Peter Morgan wprost ubóstwia królową Elżbietę. To jego muza i bez przerwy rebootowany motyw przewodni. Udowadnia to już od lat: w Królowej z Helen Mirren, The Audience z tą samą aktorką, a teraz w The Crown, w którym Helen Mirren zapobiegawczo zapowiedziała, że już na pewno nie zagra. I choć sezon pierwszy oglądało mi się dziwnie ciężko (na tyle ciężko, że finałowe odcinki dooglądałam niespełna tydzień temu), drugi wchodzi w człowieka jak nóż w masło. A to dlatego, że przełom lat 50. i 60. na brytyjskim dworze to czas wizerunkowego kryzysu monarchii, ślubów, narodzin królewskich dziedziców i małżeńskich utarczek. Innymi słowy soczystych dramatów, które przypominają nam, że melodramat najlepiej smakuje w sosie z monarszego przepychu i zwykłych problemów rodzinnych rozgrywających się na tle zupełnie niezwykłej polityki. Będę trochę spoilerzyć. O ile w ogóle można spoilerzyć historię XX wieku.
Drugi sezon serialu zachowuje dotychczasową formułę, to znaczy każdy odcinek jest w pewnym sensie osobną historia, poruszającą jeden wybrany problem z życia rodziny królewskiej albo skupiającą się na konkretnych wydarzeniach historycznych. Tylko początek sezonu przełamuje ten schemat, rozciągając story arc małżeńskiego kryzysu Elżbiety i Filipa na trzy odcinki (cały sezon otwiera scena ich kłótni, która zostaje później w całości powtórzona w trzecim odcinku, co jest dość ciekawym zabiegiem). W gruncie rzeczy mamy tu tak jakby do czynienia ze specyficzną odmianą procedurala, gdzie echa wątków z poprzednich odcinków pobrzmiewają głównie w tle, podczas gdy za główną oś fabuły służy jakaś „sprawa tygodnia”.
Tym razem scenarzyści pozwalają Elżbiecie odetchnąć, o wiele częściej wypychając na pierwszy plan pozostałych członków rodziny. Siłą rzeczy otrzymujemy kontynuację losów Małgorzaty, postaci, której problemy w poprzednim sezonie triggerowały mnie najbardziej. To jeden z tych życiorysów, w którym bez problemu można określić dokładny moment, kiedy czyjeś życie zaczęło zsuwać się po równi pochyłej. Od momentu, gdy królowa odmówiła siostrze możliwości poślubienia rozwiedzionego Petera Townsenda, Małgorzata staje się coraz bardziej zgorzkniała, smutna i nierozważna (a przy tym kopci jak smok). Niedawna ogłoszenie zaręczyn księcia Harry’ego (z Meghan Markle, dla której nie będzie pierwszym mężem) w fascynujący sposób zbiega się z tym wątkiem i dopisuje słodko-gorzki epilog do całej historii – dwa pokolenia później członek rodziny królewskiej znajdujący się w tym samym położeniu co Małgorzata, może już bez większych problemów wziąć ślub z kim chce.
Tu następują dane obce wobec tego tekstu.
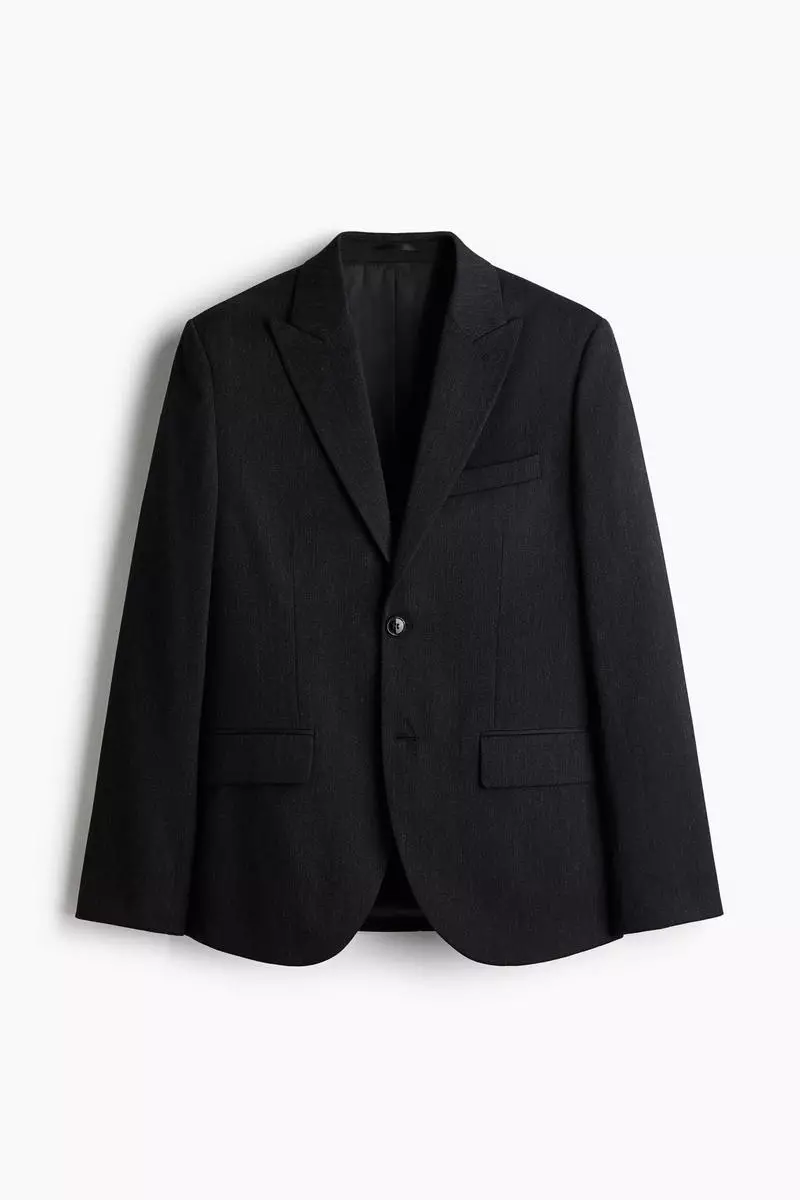 Regular Fit Single-breasted jacket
Na scenę wkracza więc Tony Armstrong-Jones, przyszły mąż księżniczki Małgorzaty, i już od pierwszych scen pulsuje na ekranie czerwoną syreną alarmową. Ten związek to chodząca bomba zegarowa – zawarty z niezdrowych pobudek przez zupełnie niepasujących do siebie ludzi – i serial nawet nie próbuje nas oszukiwać, że skończy się szczęśliwie. Przy czym Mathew Goode w roli rozwiązłego fotografa wypada rewelacyjnie i choćby dla tej roli warto drugi sezon obejrzeć. Zwłaszcza, że dopiero teraz scenarzyści pozwalają sobie na popuszczenie żelaznego pasa cnoty i pokazują odważniejsze sceny, w tym relację pomiędzy członkami seksualnego trójkąta (wcześniej z trudem przychodziła im choćby delikatna sugestia, że para królewska mogłaby uprawiać seks). Zastanawiać może jedynie fakt, iż wszelkie przekraczanie granic „przyzwoitości” zachodzi tylko w przypadku Tony’ego, choć obok niego książę Filip wyrasta na równie ważny, o ile nie ważniejszy, czarny charakter w serialu.
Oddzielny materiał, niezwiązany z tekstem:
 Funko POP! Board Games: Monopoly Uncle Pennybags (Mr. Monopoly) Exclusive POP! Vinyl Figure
Zastanawiam się z czego wynika ta różnica. Dlaczego The Crown w przypadku Tony’ego o wiele odważniej mówi o jego przewinieniach, a gdy chodzi o Filipa, zniża głos do szeptu i rzuca delikatnymi sugestiami, ani razu nie nazywając rzeczy po imieniu? Czy chodzi tylko o to, że prawdziwy Anthony zmarł na początku tego roku, a Filip wciąż żyje? Czy może cała sprawa rozbija się o coś innego – o totalną niezdolność Petera Morgana do powiedzenia złego słowa o rodzinie królewskiej i generalnym pobłażaniu jej w swoich historiach? To coś, co jestem w stanie zarzucić mu już od czasów The Audience, bo oglądając jego produkcje trudno nie odnieść wrażenia, że Morgan woli malować Windsorom taktowną laurkę w bogatych dekoracjach, zamiast pokusić się o większe przywiązanie do faktów, albo chociaż do tego, co o mieszkańcach pałacu Buckingham zawsze się po cichu mówiło.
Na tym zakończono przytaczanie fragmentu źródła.